Managing symptoms
Currently, while there might not be a proven pharmaceutical cure for M.E./CFS yet, there are a number of treatment approaches that some find help them manage the condition, including medication for individual symptoms. Because of the complexity of the illness, its fluctuating nature and the wide spectrum of symptoms, different things work for different people. Some, particularly those who are more severely affected, find the therapies currently available to be of little benefit.
Action for M.E. offers key information to allow people with M.E. to make informed decisions about what is right for them. While our Information, Support and Advocacy team does not recommend any specific treatments or management approaches, our Healthcare Services team works with individual patients to offer personalised advice, care and support.
The National Institute for Health and Care Excellence (NICE) says it expects healthcare professionals “to take our guidance into account, but people also have the right to be involved in discussions and make informed decisions about their care.”

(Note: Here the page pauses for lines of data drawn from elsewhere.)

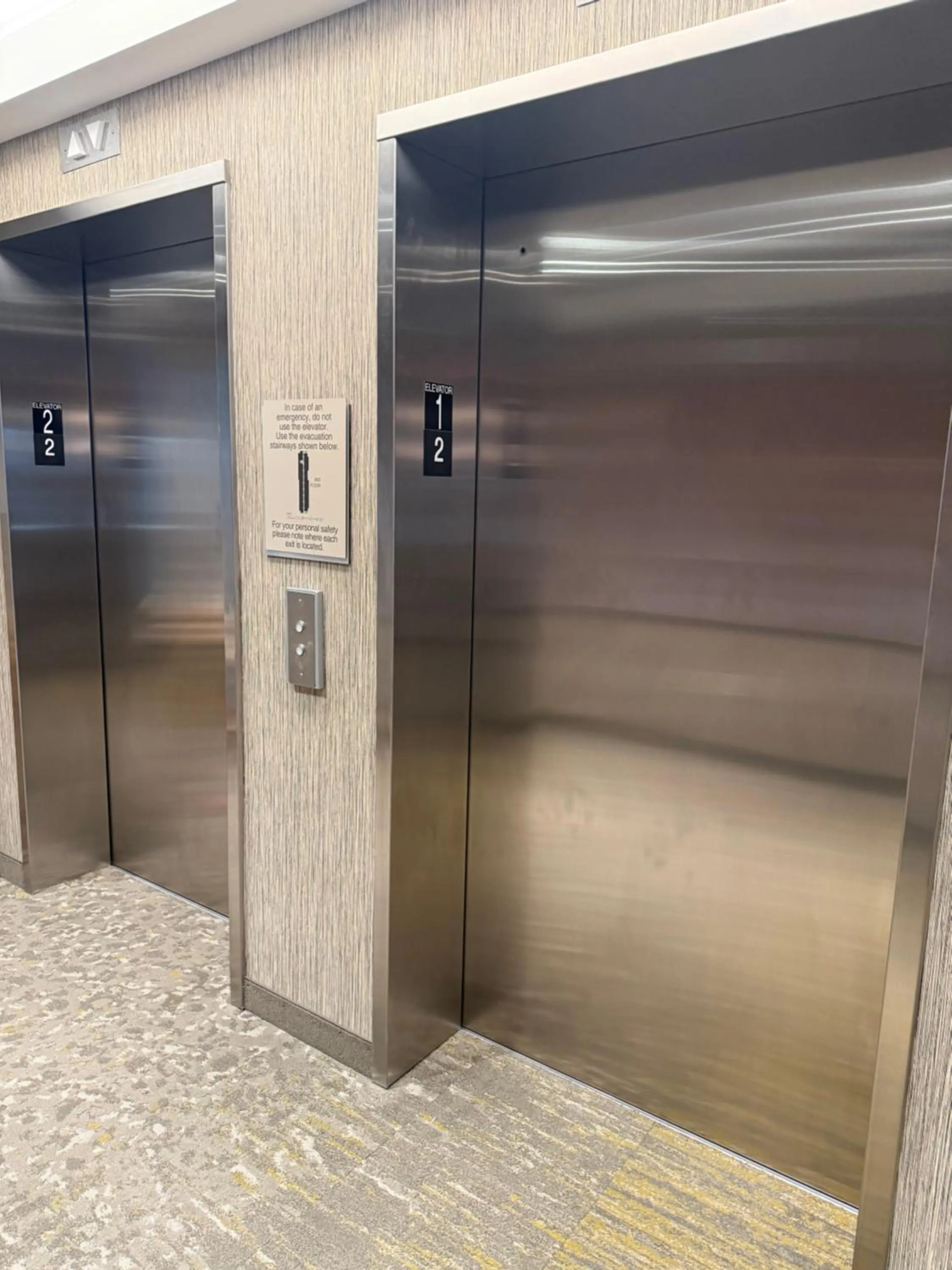 elevator in SpringHill Suites by Marriott Fargo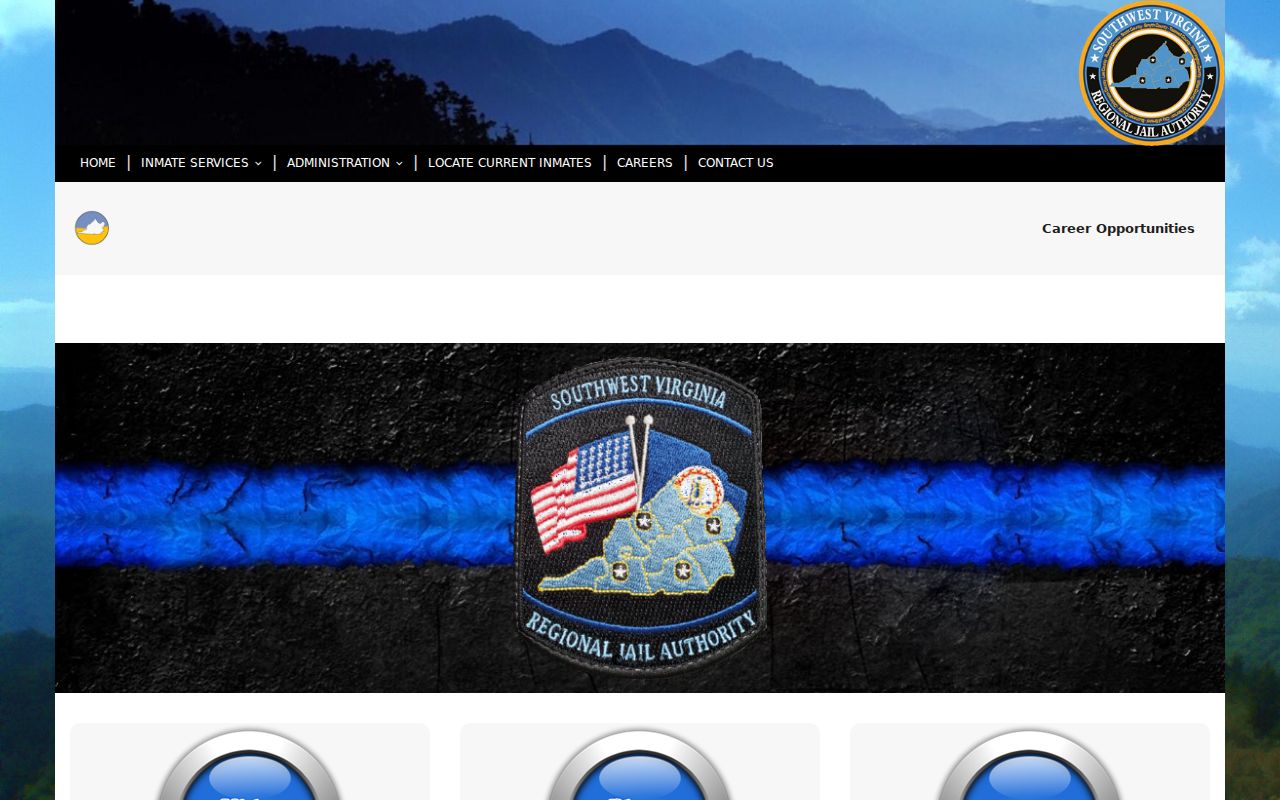 Southwest Virginia Regional Jail Authority source for Dickenson County arrest bookings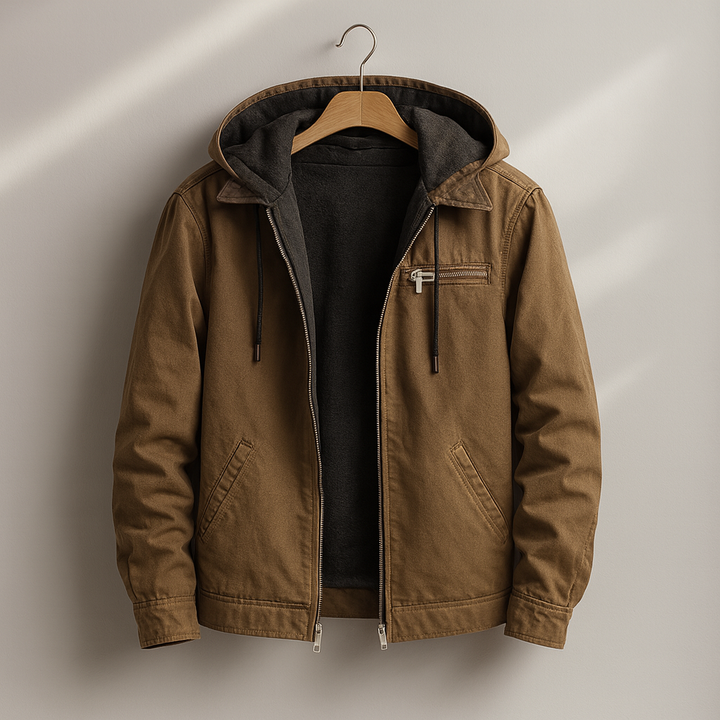 Mike™ | Comfortable Leisure Jacket with Fleece Lining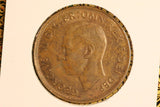 1949 -  Australia Penny - Cleaned - EF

For patient insight into reduced function and the range of symptoms that comes with M.E., visit the Dialogues for ME/CFS website, a Wellcome Public Engagement Award-winner.
Pacing and energy management
Surveys by Action for M.E. and other M.E. charities have consistently shown that the majority of people with M.E. find that pacing (ie. managing physical, mental and emotional activity and rest) helps them to manage their illness.
- When pacing, patients organise their day into sustainable activity and regular rest, helping them to avoid setbacks. It gives stability and a sense of control, making things more predictable and enhancing confidence.
- The key to pacing lies in understanding what is meant by available energy, types of activity, rest, finding a baseline, and planning and setting realistic goals.
- Useful resources include Action for M.E.’s Pacing for people with M.E. booklet, widely used by M.E. patients and healthcare professionals.
The British Association for CFS/M.E. (BACME) also publishes a therapy and symptom management guide. This practical clinical treatment summary incorporates existing tools and methodologies from specialists who work with adults and children who have M.E., and offers a consensus approach to broader treatment based on clinician expertise, patient experience and the best available evidence. It's free to download at BACME's website.
UK government guidelines
The National Institute for Health and Care Excellence (NICE) for health professionals in England and Wales updated its guideline for M.E./CFS on 29 October 2021. This states that graded exercise therapy should not be offered to those with M.E./CFS, while CBT should only be offered in order to help individuals manage symptoms, not as a cure.
In the absence of formal guidance produced specifically for Northern Ireland, the Patient and Client Council indicates that some health boards follow the NICE guideline.
Produced in 2010, the Scottish Good Practice Statement on ME-CFS provides GPs in Scotland with guidance on the differential diagnosis and clinical management of patients with M.E. It says: “What works for one patient may not work for another and therefore it is crucial to tailor interventions to the needs and circumstances of the individual patient.” The Scottish Good Practice Statement acknowledges that CBT and GET benefit some people, but not all. Scottish Ministers committed to scheduling a review of the guidance when "NICE publishes its revised guideline on this condition in 2021."